▸ **WORK TO BE COMPLETED**
An exact, complete printout of the listing is wanted, minus its images.
┄┄┄┄┄┄┄┄┄┄
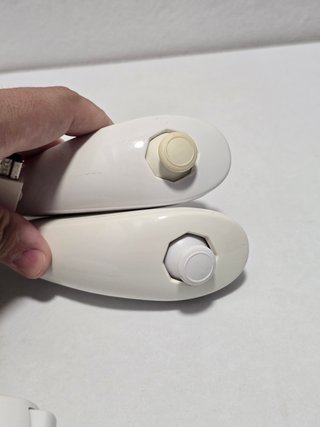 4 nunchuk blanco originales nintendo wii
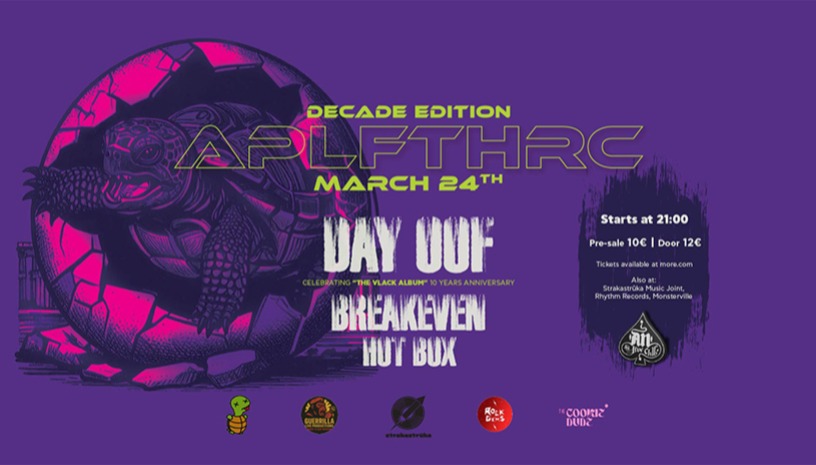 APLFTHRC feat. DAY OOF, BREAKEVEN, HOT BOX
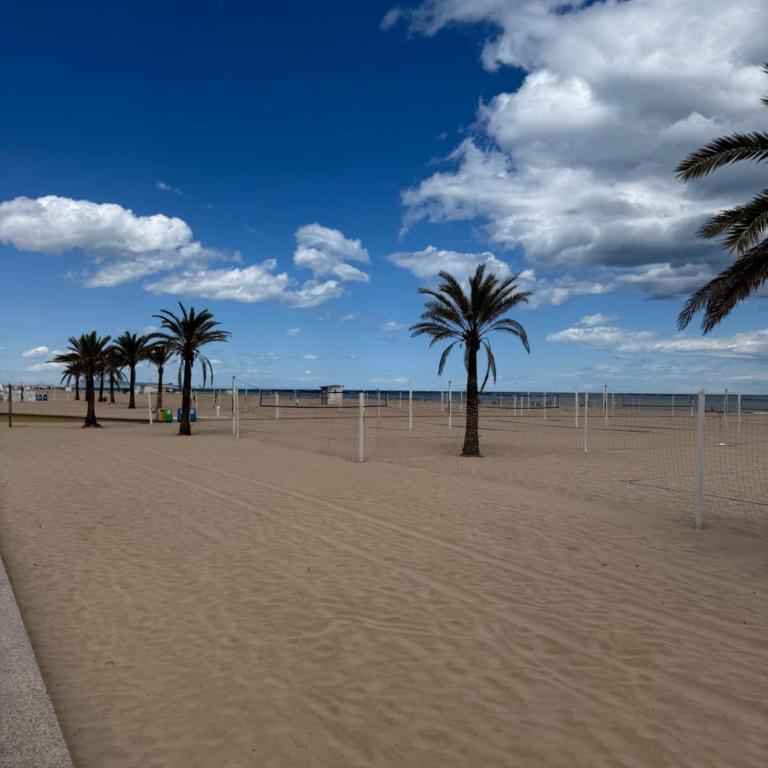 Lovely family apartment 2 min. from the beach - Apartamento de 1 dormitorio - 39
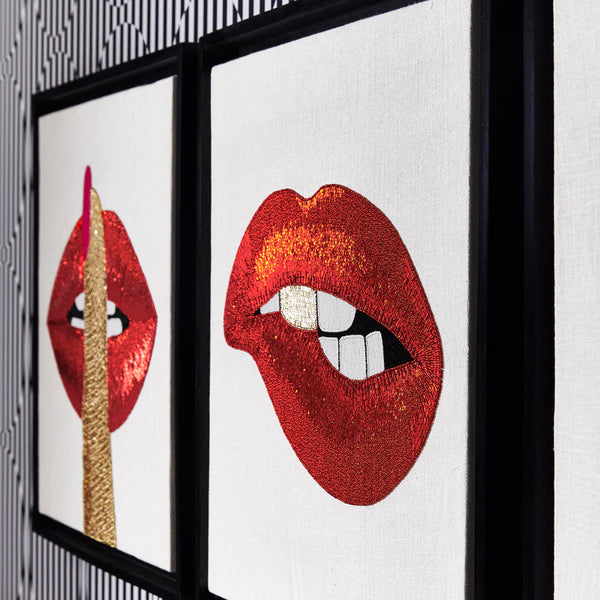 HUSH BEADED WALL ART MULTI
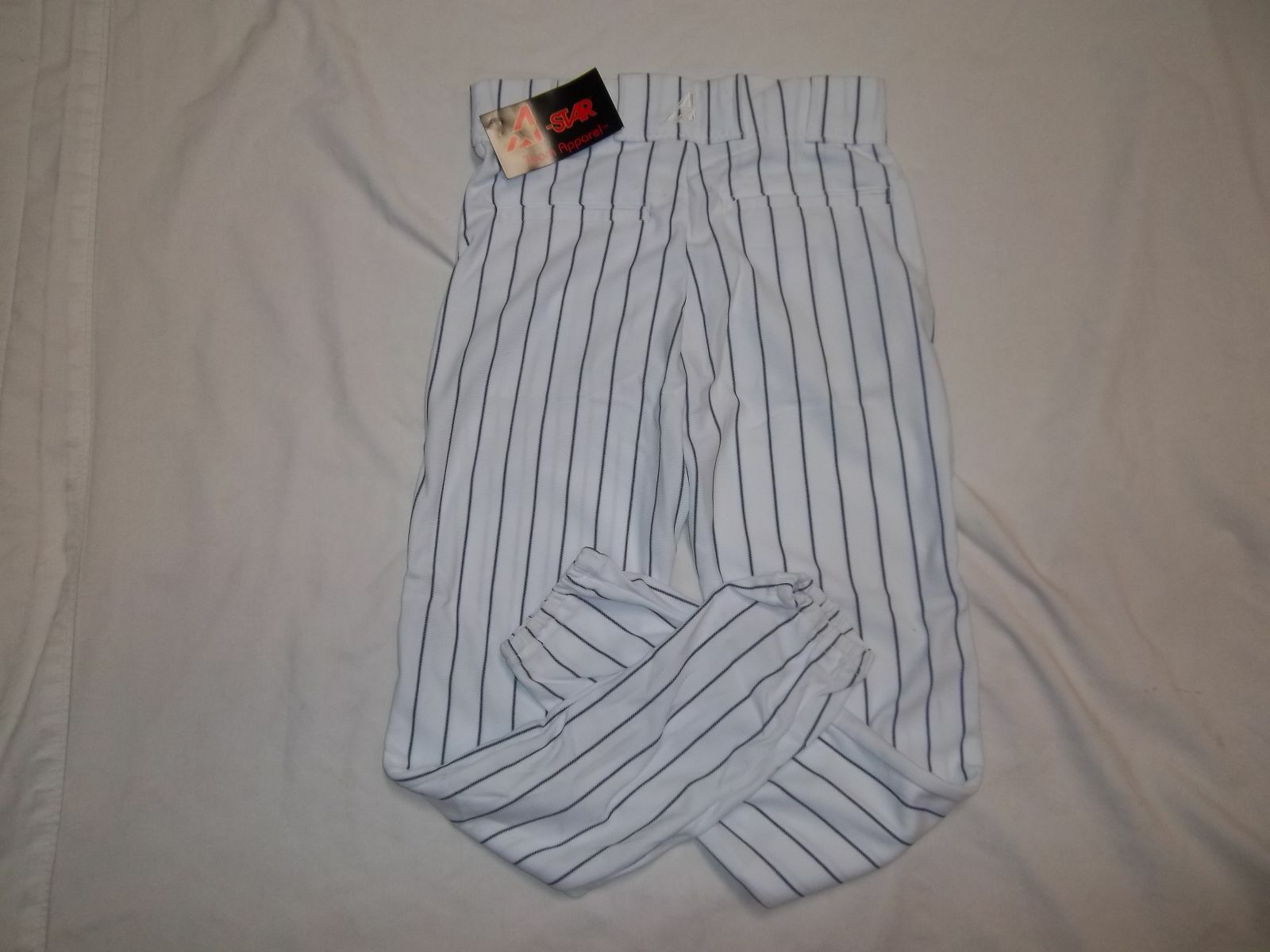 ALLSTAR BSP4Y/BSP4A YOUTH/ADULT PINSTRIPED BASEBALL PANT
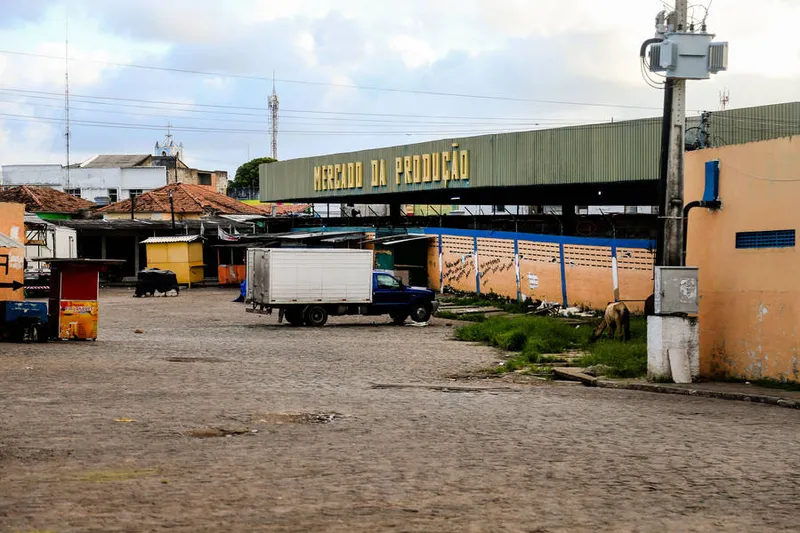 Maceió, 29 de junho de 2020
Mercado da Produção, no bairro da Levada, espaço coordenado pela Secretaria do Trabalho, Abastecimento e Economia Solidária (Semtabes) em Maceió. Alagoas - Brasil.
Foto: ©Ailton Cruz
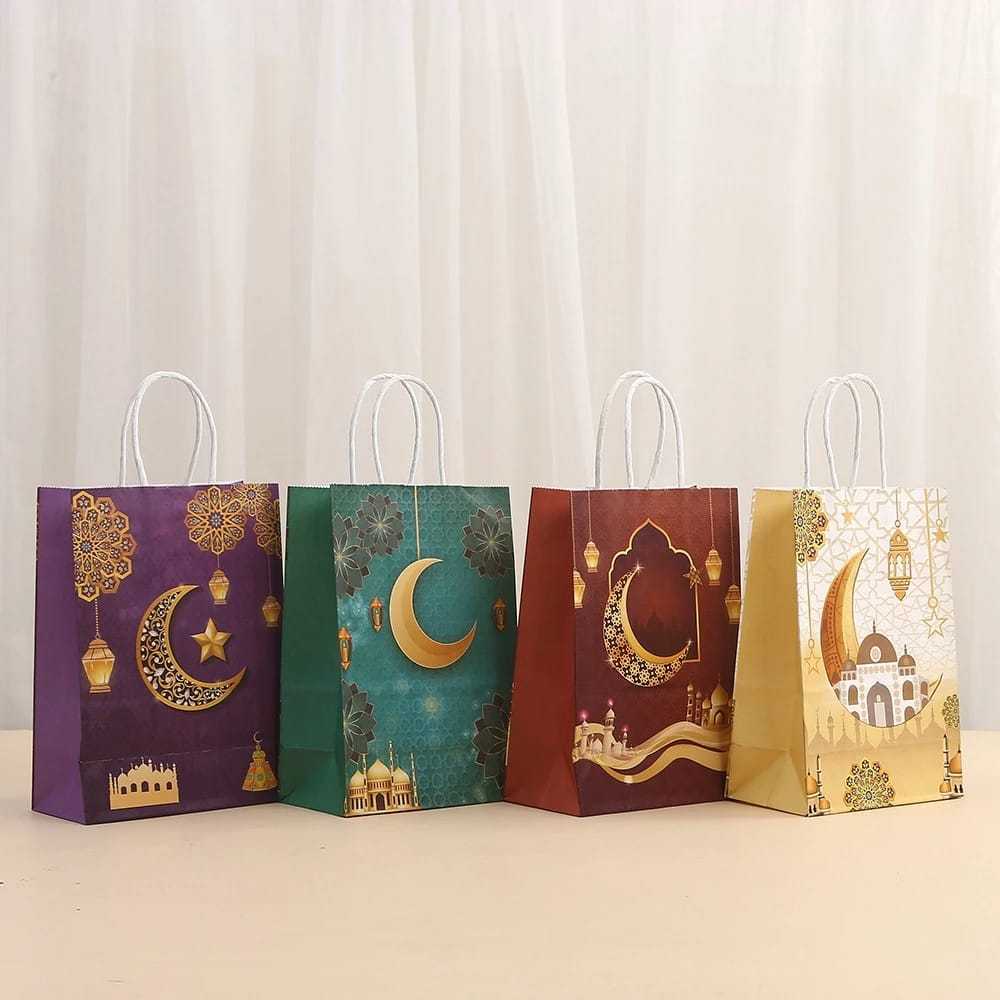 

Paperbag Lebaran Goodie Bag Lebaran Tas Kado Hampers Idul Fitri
┄┄┄┄┄┄┄┄┄┄
▸ **EXERCISE RESULT**
 4 nunchuk blanco originales nintendo wii
 APLFTHRC feat. DAY OOF, BREAKEVEN, HOT BOX
 Lovely family apartment 2 min. from the beach - Apartamento de 1 dormitorio - 39
 HUSH BEADED WALL ART MULTI
 ALLSTAR BSP4Y/BSP4A YOUTH/ADULT PINSTRIPED BASEBALL PANT
 Maceió, 29 de junho de 2020
Mercado da Produção, no bairro da Levada, espaço coordenado pela Secretaria do Trabalho, Abastecimento e Economia Solidária (Semtabes) em Maceió. Alagoas - Brasil.
Foto: ©Ailton Cruz

Paperbag Lebaran Goodie Bag Lebaran Tas Kado Hampers Idul Fitri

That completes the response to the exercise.